We called her Fiketsa, short for overcoming a challenge.

The film tackles a scene of her killing newborn letchway, tough in many ways, but we always believed in telling it the way it is, and if you believe that this natural world is perfect, we cannot judge it.

It is what it is.

But our hearts went out to her and her struggles.

(dramatic, sad music) - [Dereck] And the minute you judge something like this, you realize it is all for a reason.

(soft, sweeping music) - [Beverly] She kills to feed her cubs.

(instrumental, inspirational music) - [Dereck] What we didn't anticipate was that her sister would come in and take their kill.

(muffled, guttural woof) - [Beverly] Then we found out she had her own newborn cubs to take care of, too.

We are still, after 35 years, amazed by the perfection of all this, and still in love with it.

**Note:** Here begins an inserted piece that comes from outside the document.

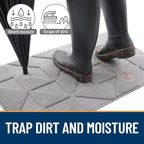 OLANLY Door Mats Indoor, Dirt Resist, Entrance Washable Mat, Low-Profile Inside - Image 4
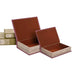 Decorative box Home ESPRIT Green Lilac MDF Wood Floral Tropical (2 Units) - Декорация и Осветление<<<Дом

It's our life's goal to protect it.

- [Dereck] For me, the worst part of a film is in actually finishing it, letting it go.

Perhaps the real soul of a place is in these complexities, these characters, and its ability to make us fall in love with it, and ourselves, over and over again.

Of the entire number of animals left on the planet, only four percent are actually wild.

The rest are lost to humans.

It's just four percent.

We can't be fighting over the very existence of those last remnants now.